Microvascular hyperpermeability that occurs at the level of the BBB often leads to brain edema and elevates intracranial pressure following TBI [1]. Tight junction proteins (TJPs) between neighboring endothelial cells maintain the integrity of the BBB via TJP-associated proteins, particularly ZO-1, claudin-5 and Occludin [36]. Both immediate and delayed dysfunctions of the BBB were observed in TBI [36]. Moreover, the pro-inflammatory cytokine IL-1β and extracellular matrix proteins MMP-2/MMP-9 are key mediators of trauma-associated brain edema [24].

Consistent with this notion, we found that permeability of the BBB following CCI was significantly increased, as evidenced by increased penetration of Evans blue (Fig. 2). At the molecular level, the expression of ZO-1, claudin-5, Occludin and MMP-2/9 increased 24 h after CCI (Fig. 2). Administration of HMGB1 A-box reversed the elevation of those proteins in TBI mouse model, suggesting that HMGB1 A-box improved endothelial tight junctions and extracellular matrix, through which it may protect the BBB and prevent brain edema.

Besides inhibiting brain swelling, HMGB1 A-box also inhibited cellular swelling, as indicated by downregulation of AQP4 water channels which occurred within hours after CCI (Fig. 3). In line with previous findings that HMGB1/TLR4 activation enhances the expression of AQP4 in astrocytes [37, 38], our data suggest that inhibition of astrocytic signaling pathways downstream of HMGB1 may be one of cellular mechanisms underlying protective effects of HMGB1 A-box against brain edema.

Inflammation, as an essential component of TBI, plays critical roles in the BBB breakdown, cell apoptosis and deterioration of neurobehavioral functions [23]. Numerous studies suggest that inhibition of cytokine activities by anti-inflammatory agents, including HMGB1 antibodies, could improve neurological functions in TBI [26, 30]. Administration of anti-inflammatory HMGB1 A-box shortly after injury inhibited IL-1β, IL-6 and TNF-α at 24 h following CCI (Fig. 5), suggesting that HMGB1 A-box has beneficial effects on early inflammation following TBI.
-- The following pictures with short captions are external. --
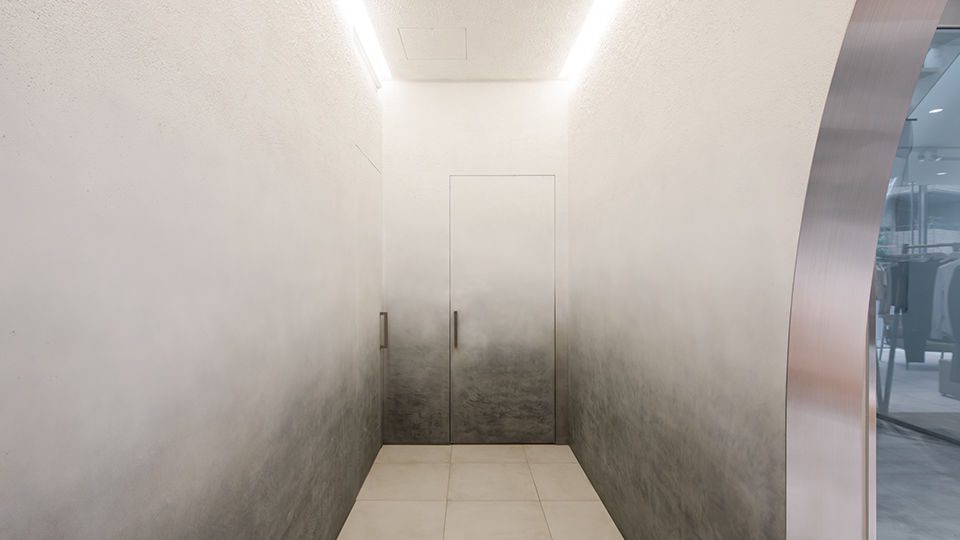 The corridor to the counseling room was created with a plaster gradation inspired by the designer to represent a fog in one’s head by integrating the wall with the door.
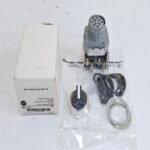 Allen-Bradley_800T-J2B_Ser_T_30mm_Selector_Switch_with_Fittings_1848631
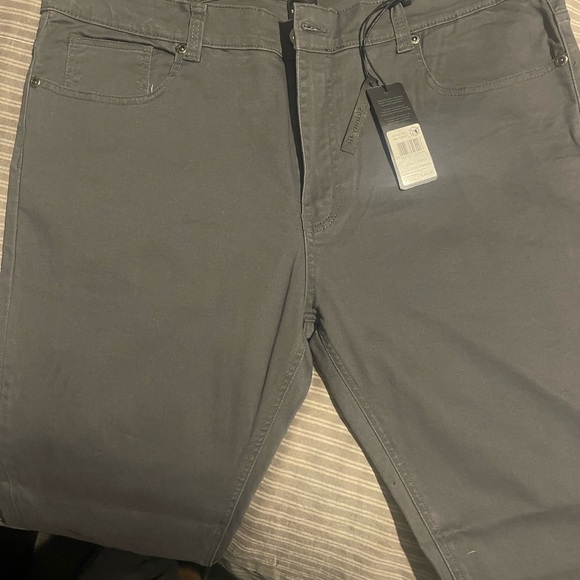 Men's Gray Jeans New with Tags - Picture 2 of 2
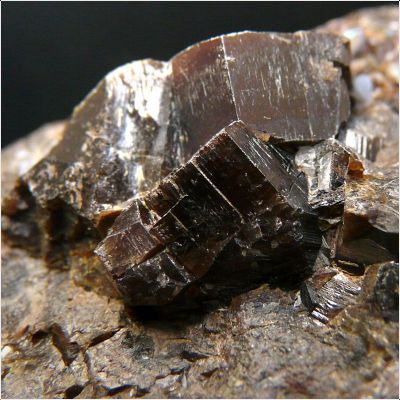 фотография минерала Пиросмалит-(Fe)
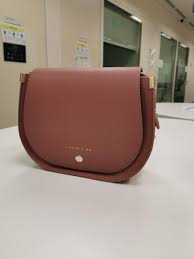 Never miss to grab 10% instant discount on the best price footwear and bags shopping. Yuna X Christy Ng Collection Alis Saddle Bag In Muave Mama Women S Fashion Bags Wallets Cross Body Bags On Carousell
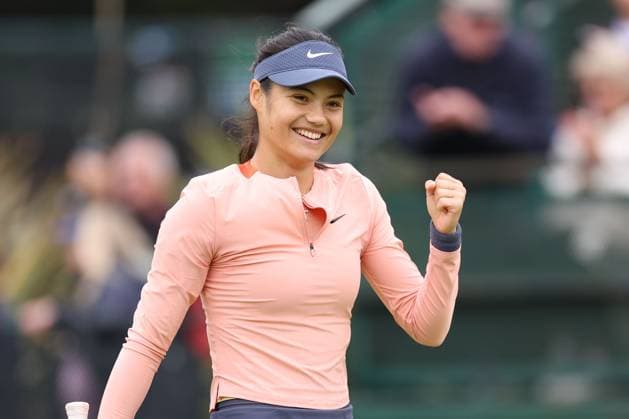 Sport Bilder des Tages Emma Raducanu during a round of 32 match against Ena Shibahara Rothesay Open Nottingham, Day 2, Tennis, Lexus Nottingham Tennis Centre, Nottingham, UK - 11 June 2024  Copyright: xRyanxBrowne Shutterstockx 14523727di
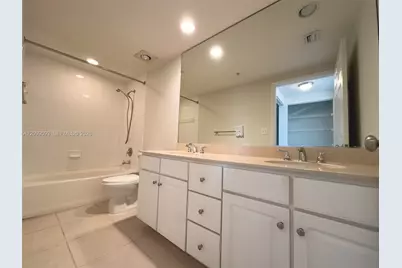 2000 N Bayshore Dr #1101, Miami, FL 33137 - Photo 11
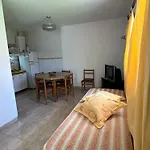 Casa En Mar Del Plata Con Parque, Parrilla Y Cochera Cubierta A Dos Cuadras Del Mar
TLR4 and PAGE are two putative receptors for HMGB1 [9]. Increased expression of TLR4 and its downstream proteins Myd88 and P65, as well as HMGB1, were observed in IL-1β-stimulated astrocyte cultures (Fig. 6). Interestingly, HMGB1 A-box attenuated expression of TLR4 and its downstream proteins in this system (Fig. 6). Although a functional modulation for TLR4 by HMGB1 A-box after TBI was not investigated in our study, taken together with previous report showing that in TBI, activation of HMGB1/TLR4 pathway in injured cortex was accompanied by development of edema [27, 37], our data indicate that inhibition of HMGB1/TLR4 pathway by HMGB1 A-box may mediate the protective effects on TBI.
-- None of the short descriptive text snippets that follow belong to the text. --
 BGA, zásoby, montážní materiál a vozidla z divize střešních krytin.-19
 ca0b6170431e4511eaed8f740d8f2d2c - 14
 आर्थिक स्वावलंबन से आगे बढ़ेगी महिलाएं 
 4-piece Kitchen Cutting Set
In addition to the cellular and molecular effects of HMGB1 A-box on TBI, we also found that HMGB1 A-box gradually improved behavioral performance in the first week after CCI (Fig. 1). It is worth noting that the improvement of motor behaviors was apparent in the first 3 days (Fig. 1). The fast development of the behavioral effects of HMGB1 A-box is consistent with its cellular and molecular effects. This consistency hints on intimate relationships among the cellular, molecular and behavioral effects of HMGB1 A-box.

In conclusion, this study shows that TBI induces a cascade of events including BBB breakdown, brain edema, upregulation of TJPs, expression of inflammation related molecules. HMGB1 A-box treatment strongly inhibits these events, which may subsequently contribute to its improvement of neurological functions in TBI. Our data suggest that HMGB1 A-box may have therapeutic value for TBI.

This project is supported by Natural Science Foundation of Hebei Province, China (Grant No. H2015206201) and foundation of the Second Hospital of Hebei Medical University (Grant No. 2H2201510).

The authors declare no conflict of interest.